De Laurentiis shock: “Soldi sottobanco per le convocazioni in Nazionale. Sta accadendo in Italia”

De Laurentiis accusa: “Agenti pagano sottobanco per far convocare i giocatori in Nazionale. UEFA e FIFA mentono. E il calcio va rivoluzionato”

Aurelio De Laurentiis non usa mezzi termini. Il presidente del Napoli, in un’intervista concessa alla CBS, ha lanciato accuse pesantissime contro il sistema del calcio, toccando temi scottanti: dalla gestione delle nazionali al ruolo degli agenti, passando per le critiche a UEFAFIFA e alla FIGC. Fino a una proposta rivoluzionaria: partite da 25 minuti per tempo, come nel basket.

Un’intervista che farà discutere.

“Soldi sottobanco dagli agenti per convocare i giocatori in Nazionale”

Il passaggio più duro riguarda le convocazioni in nazionale:

“Se vogliono i nostri giocatori, li devono pagare. Se il salario di un anno è 10 milioni, se loro hanno i giocatori per un mese mi devono dare un milione. Perché li devo dare gratuitamente? Sono una mia proprietà, non loro. È troppo facile per loro prendere 15 giocatori e non pagarli, oppure loro ricevono soldi sottobanco da agenti per convocarli in Nazionale. È poco professionale, ma sta accadendo in Italia.”

Un’accusa gravissima, che getta un’ombra sull’operato delle federazioni.

Il profilo del dirigente ideale: “Gravina voleva proteggersi, Gattuso era ansioso”

De Laurentiis ha poi delineato il profilo del dirigente ideale per la FIGC:

“Non serve un ex giocatore, deve essere qualcuno che possa parlare politicamente al Governo per ottenere qualcosa che non abbiamo mai avuto. Abbiamo bisogno di collaborare, se abbiamo bisogno di risolvere i problemi fiscali, burocratici, ci devi aiutare. Abbiamo bisogno di persone con credibilità, che possano parlare con i ministri e risolvere i problemi.”

E sulle ultime figure alla guida della Nazionale:

Gravina voleva proteggersi, Gattuso non sapeva dove andare o cosa dire. È un’ansia. Devi essere rilassato, per avere successo serve essere rilassati.”

La critica a UEFA e FIFA: “Fanno troppi soldi e mentono”

Il patron azzurro ha attaccato duramente gli organismi internazionali:

“Fanno troppi soldi, quando i guadagni dovrebbero essere dei club e non delle federazioni. Loro dicono di distribuire la ricchezza, ma non è così. Mentono, non dicono la verità.”
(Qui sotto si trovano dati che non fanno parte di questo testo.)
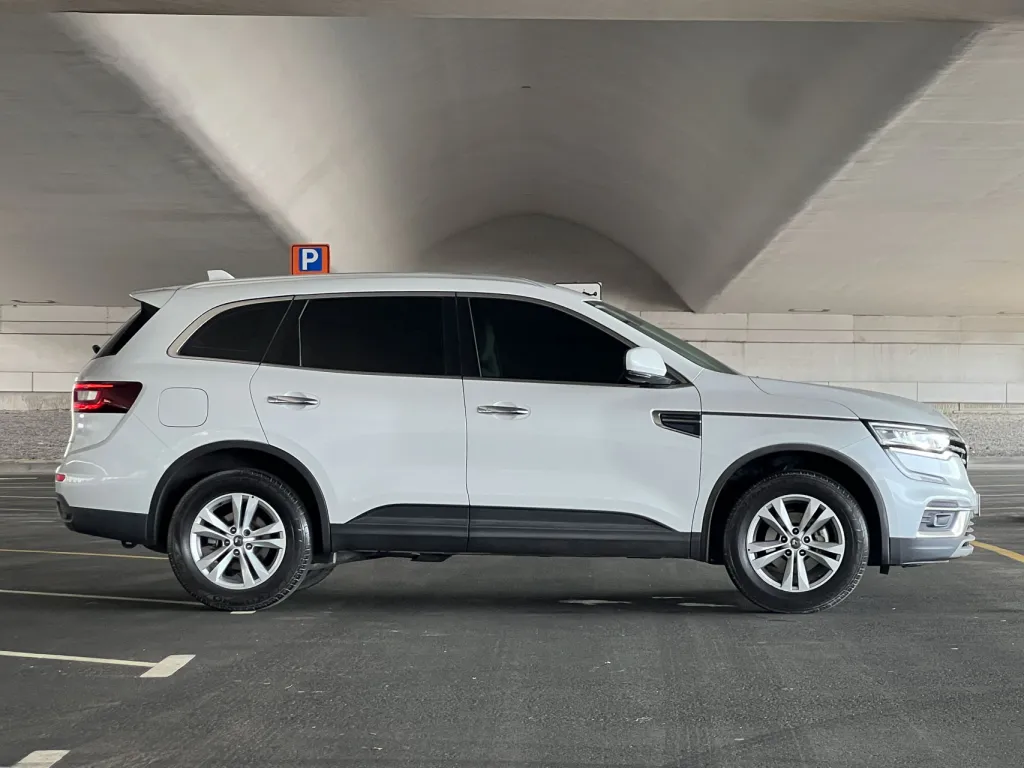 Renault Koleos 2022 #14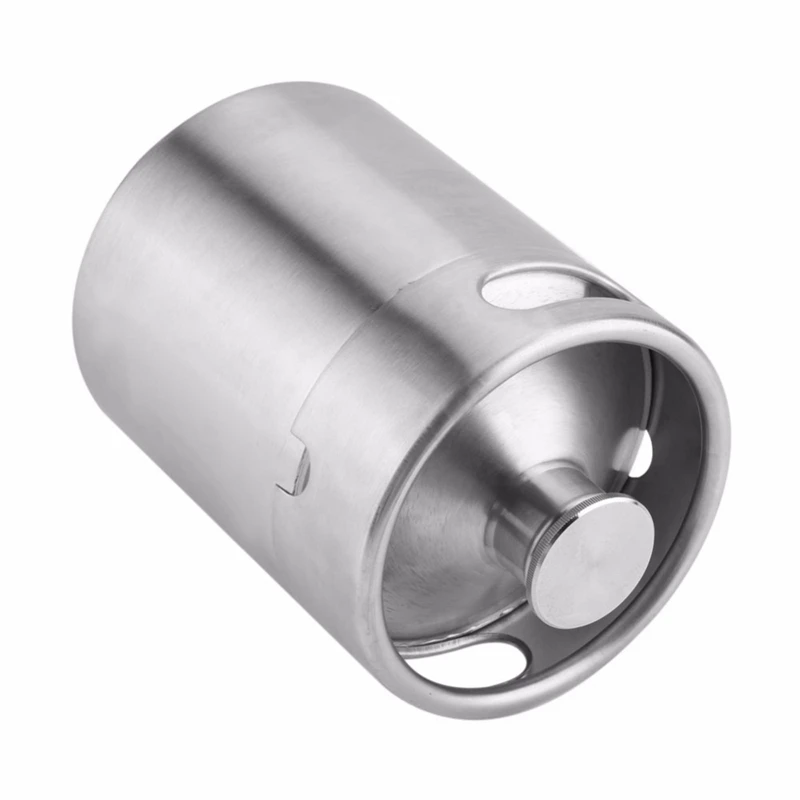 2L Threaded Bottle Fresh Beer Kegs Beer Kegs Draft Beer Kegs Stainless Steel Sealed Beer Cans Sealed Beer Cans
2L Threaded Bottle Fresh Beer Kegs Beer Kegs Draft Beer Kegs Stainless Steel Sealed Beer Cans Sealed Beer Cans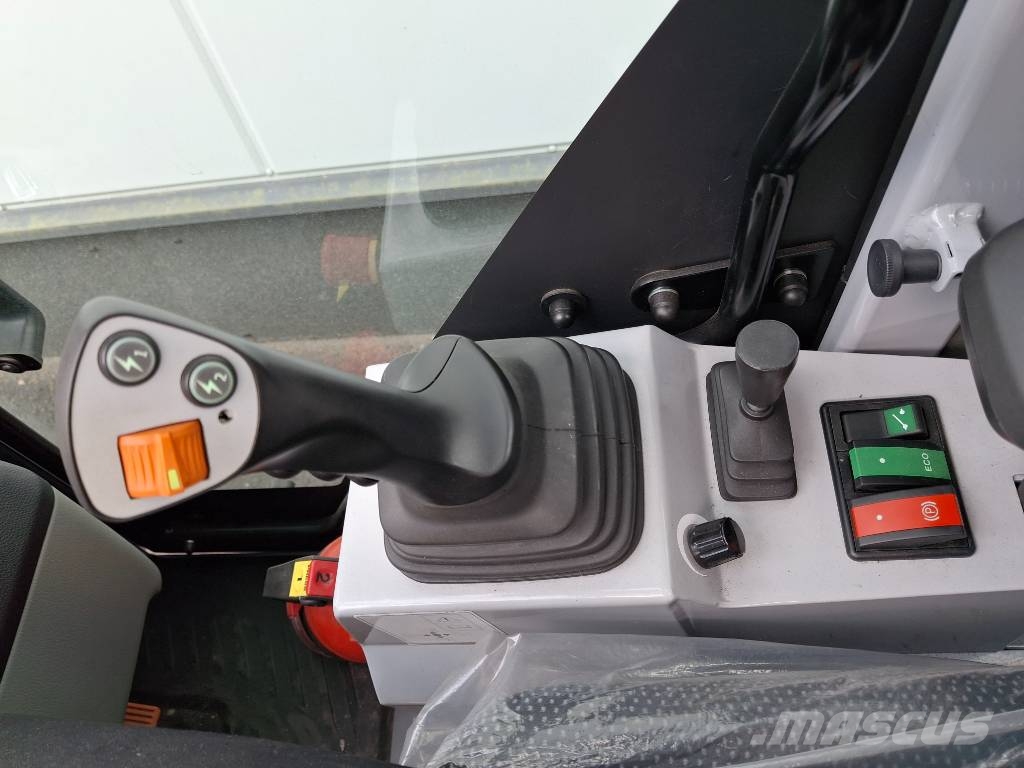 Wacker Neuson WL 20e Hjullastare
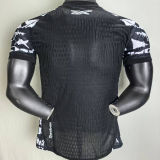 2025/26 Botafogo 4Th  Black Player Version Soccer Jersey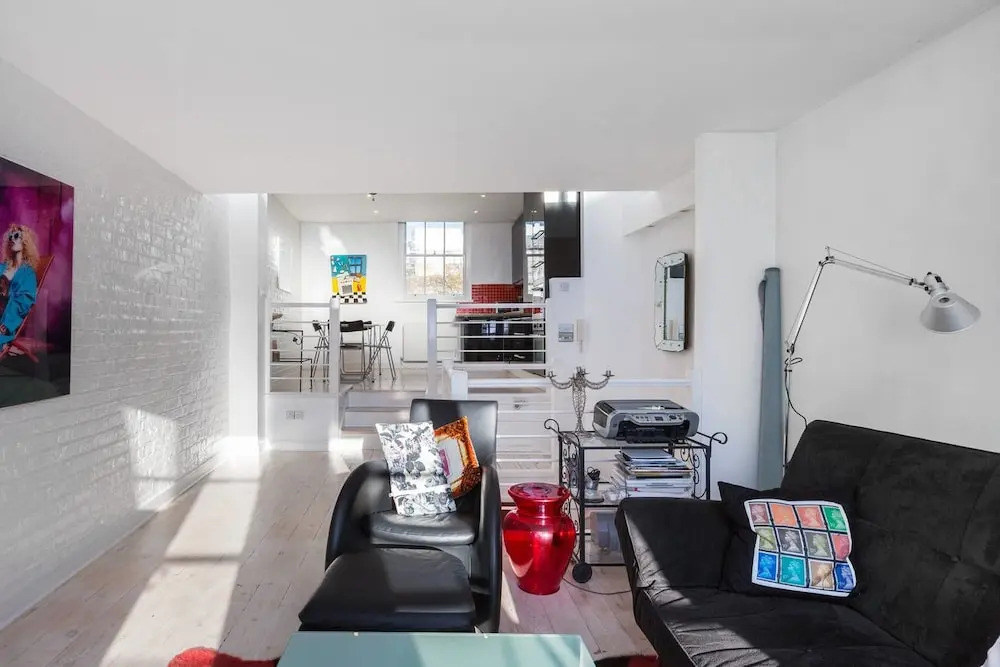 Exquisite and Chic 2 bed 2 Bath Flat in Chelsea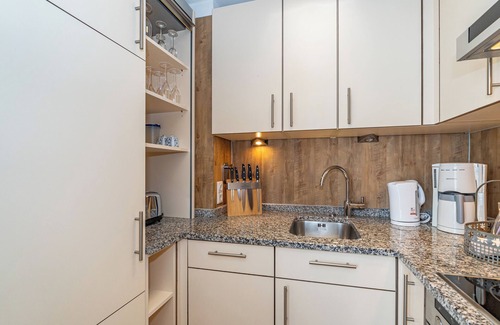 Westerland Apartment | Apartment "Düne 15"
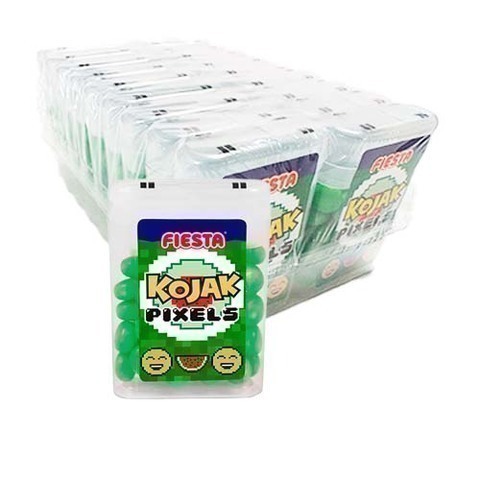 [8411402291026] KOJAK PIXELS SANDIA C18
E sulla gestione dei calendari:

“Si deve ridurre il numero di partite durante la stagione, così da poter allenare la nazionale per due mesi. Sto spingendo da anni per tornare a 16 squadre. Vorrei sapere perché non c’è un’assicurazione se un giocatore si fa male in nazionale. Perché UEFA e FIFA non la inseriscono? Se un giocatore è fuori per un mese dovrebbero darti un certo corrispettivo di soldi e così via se l’assenza si prolunga. Se non può giocare per un anno, dovrebbero darti i soldi per farti comprare un giocatore dello stesso livello.”

La rivoluzione del calcio: “25 minuti per tempo come nel basket”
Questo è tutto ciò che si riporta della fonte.